The NYT off-leads the arrival in Yemen of dozens of U.S. investigators charged with demystifying this week’s attack on the USS Cole. The government revealed the blast damage is much larger than previously reported. Yemeni President Ali Abdullah Saleh has granted the 100-member U.S. investigative team wide freedom to conduct its work and protect itself but so far has not invited U.S. officials to meet suspects. A Post front-pager explains a Yemeni theory that the explosion came from inside the ship as “the gospel of the country’s official print and broadcast media.”

Both the Post and NYT issue insightful post-mortems on the Serbian revolt. The Post investigation reveals that the military defied orders to quell protests with violence and that top generals began shifting their loyalties from Slobodan Milosevic to Vojislav Kostunica from the get-go. A choreographed movement of “organized disorder” dominated the streets of Belgrade, not a spontaneous uprising, the NYT reports. Grass-roots leaders planned simultaneous demonstrations in disparate areas to prevent police forces from congregating in one spot. They also picked targets, like the parliament building, that would look good burning on CNN. Kostunica attended a meeting drenched in symbolism with leaders of the European Union according to an LAT front-pager. The EU pledged $175 million in emergency assistance to help Yugoslavs fend off winter hardship. Kostunica, softening his earlier line, recognized his nation’s obligation to help an international tribunal try Milosevic in the Hague, though, he added, they are so busy in Yugoslavia these days that they probably won’t have a chance to get around to it for a while.

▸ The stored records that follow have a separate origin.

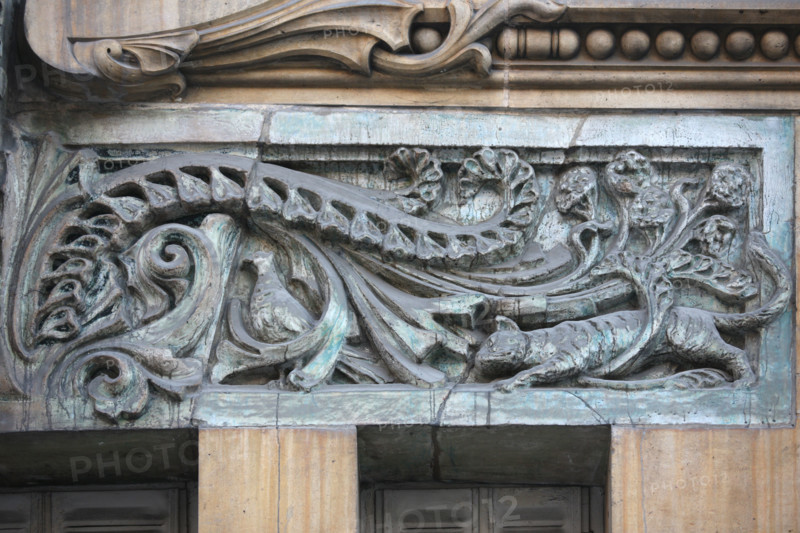 29 avenue Rapp, Paris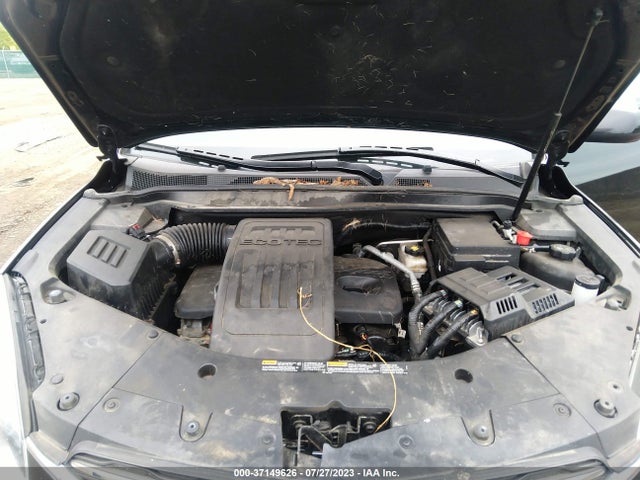 Chevrolet EQUINOX LT 2017 2GNFLFEKXH6203891 Image 10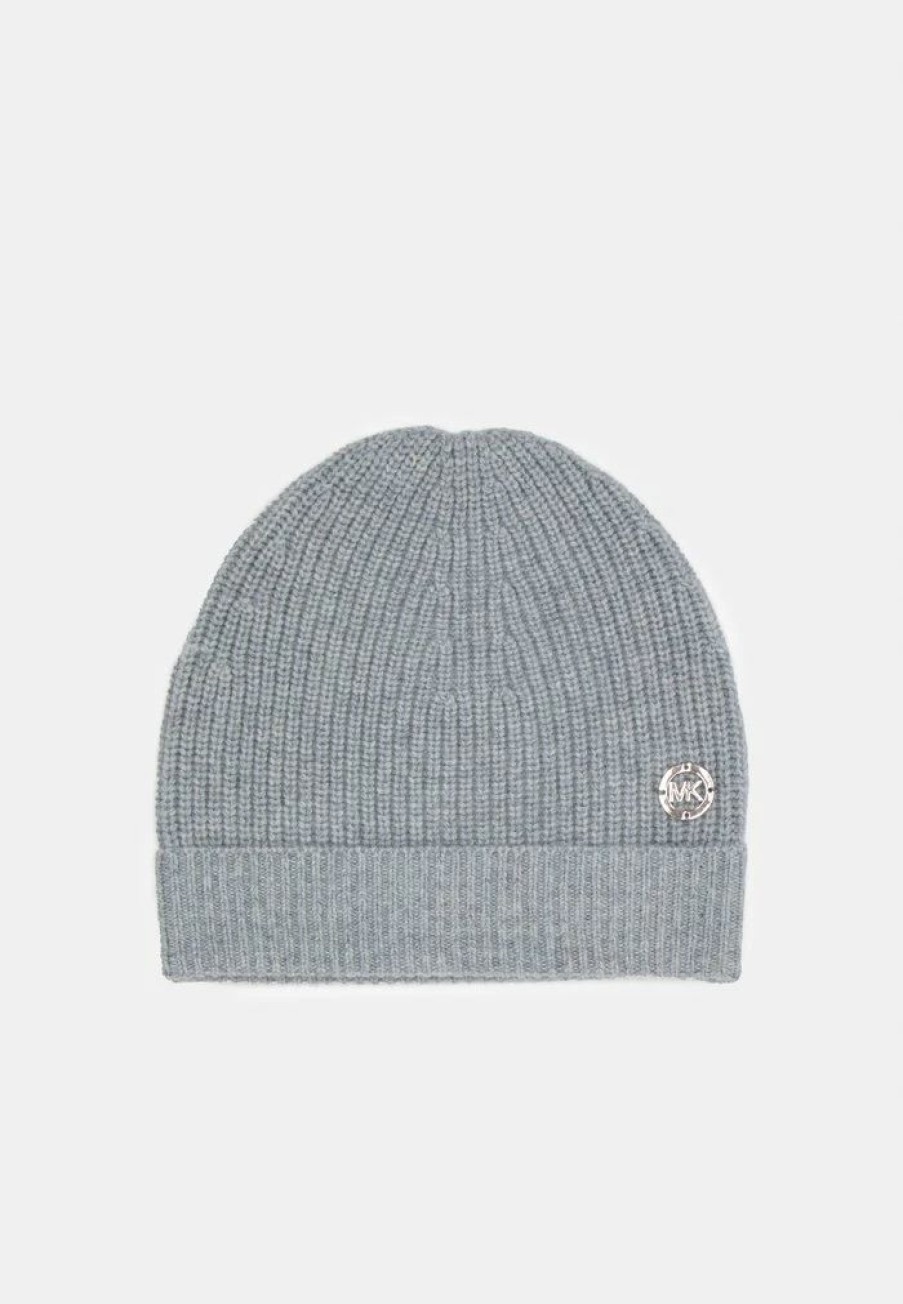 Wholesale Michael Michael Kors Beanie Beanie Mottled Grey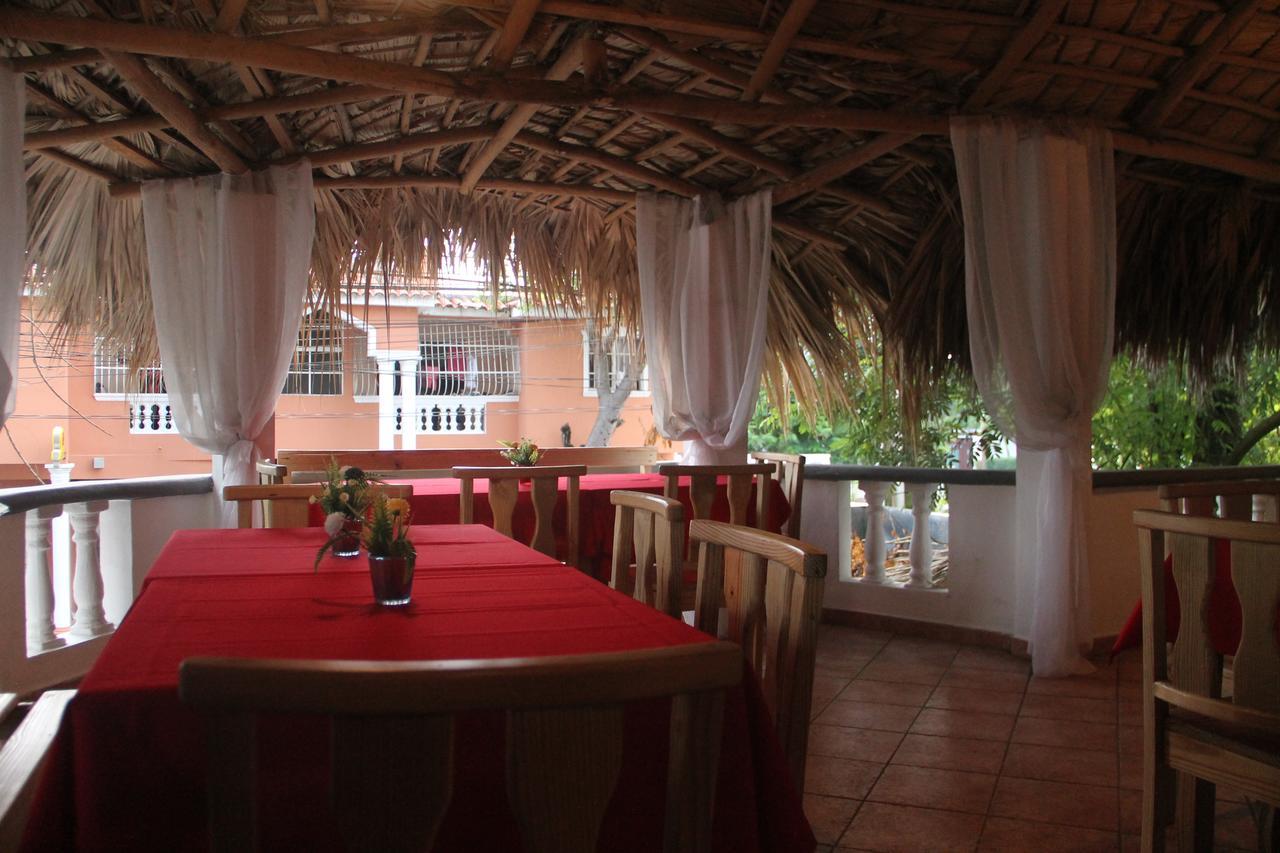 El Caucho Hotel Boca Chica Buitenkant foto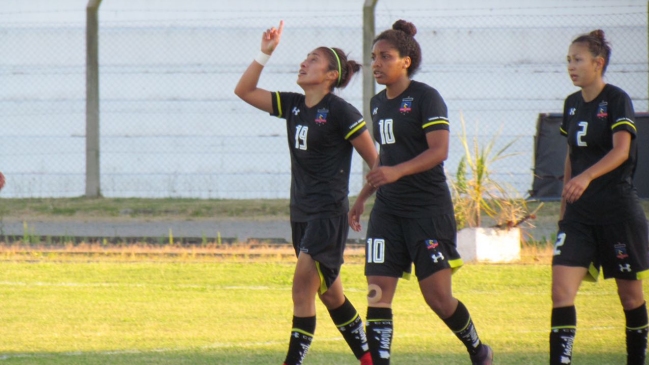 Colo Colo ganó a U. Española de Ecuador y logró su primer triunfo en la Libertadores Femenina Colo Colo ganó a U. Española de Ecuador y logró su primer triunfo en la Libertadores Femenina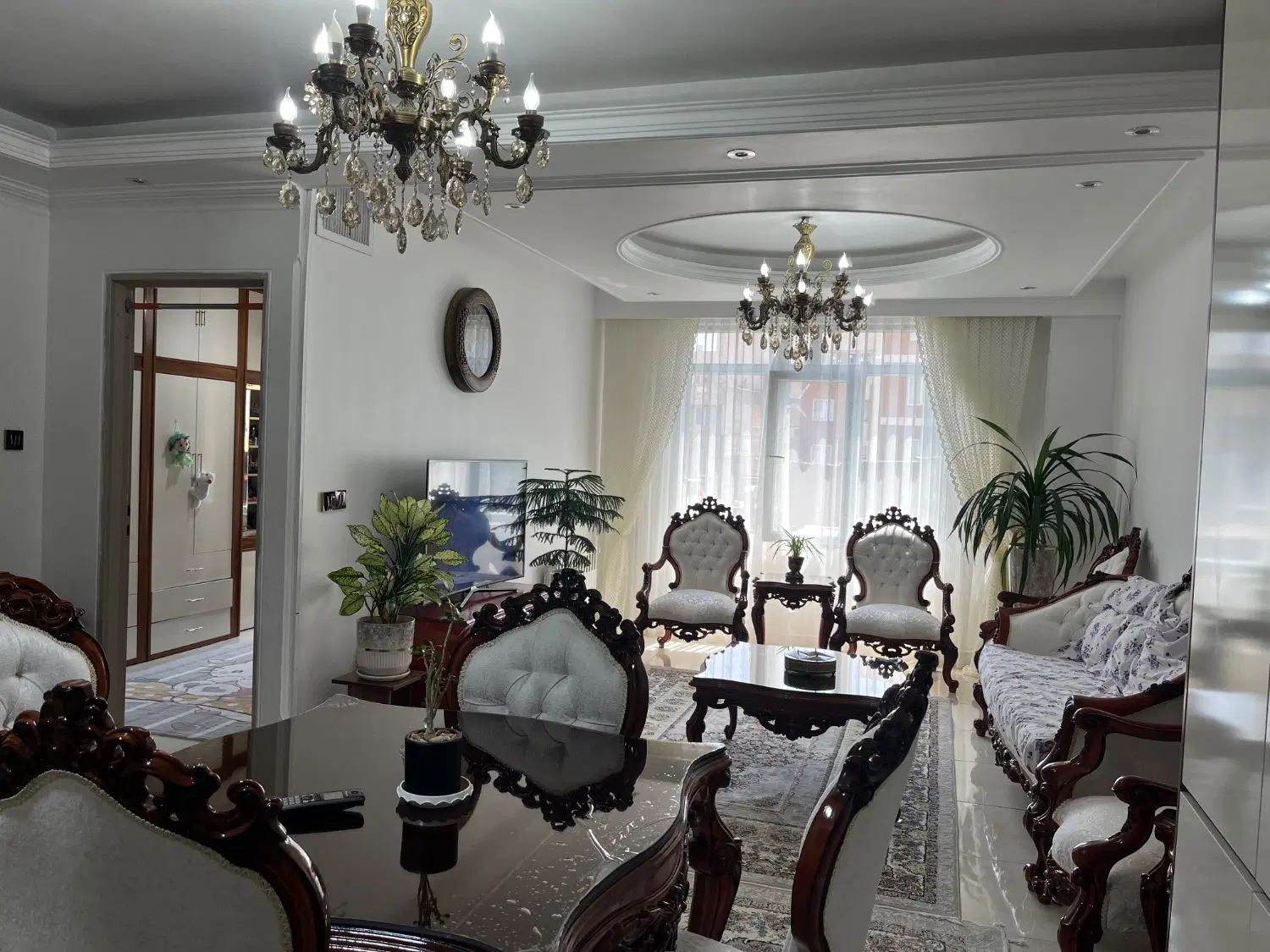 اپارتمان 54 متری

California will face growing pressure on oil prices that could raise gas prices as high as $3 a gallon in 2003 when new environmental regulations kick in, the LAT reports. Refineries will have to cut back their output because they won’t be able to produce enough gasoline that conforms to these new standards.  Apparently, they don’t have the resources to upgrade their facilities. The result could be a 10 percent supply shortfall. The paper warns that neither public nor private institutions are preparing adequately for the possible crisis.

E.R. Shipp writes her farewell column as Post ombudsman; she is the 12th since 1969. She details the most frequently recurring reader complaints–inaccuracy, reluctance to acknowledge inaccuracy, the “snide” tone of some writers–and offers a peek inside the newsroom. Managing Editor Steve Coll recently launched a new campaign to address “changing language and usage, avoidable errors in routine writing, fairness in tone, issues of journalistic style, and so on.”

The NYT “Political Briefing” dismisses opinion-poll voodoo in the same breath that it indulges in it. The column’s last blurb waxes skeptical about trusting opinion polls. The penultimate regurgitates the “rough (very rough)” estimated Electoral College tally of a “popular Internet political tip sheet” as of midday Friday.

The NYT op-ed page takes a stand on “the condition of all earthy desire,” which, it is argued, is to enjoy an experience, like listening to a Beatles album, every time as if it were the first. The paper runs another “Editorial Notebook” documenting a writer’s charmed reaction to a genuine pop phenomenon currently pushed in a national marketing campaign (see “Why America Loves the Sopranos,” 1/16/00). Moved by The Beatles Anthology, the writer dresses up childhood Beatle memories in some of the loftiest language to appear on the page since Labor Day. While the sentiment about the mop-tops is shared, the historical memory is not: Today’s Papers recalls that George Martin, not Phil Spector, produced the Beatles’ records. (Spector was called in to clean up the Let It Be tapes for public consumption a year after they were recorded.)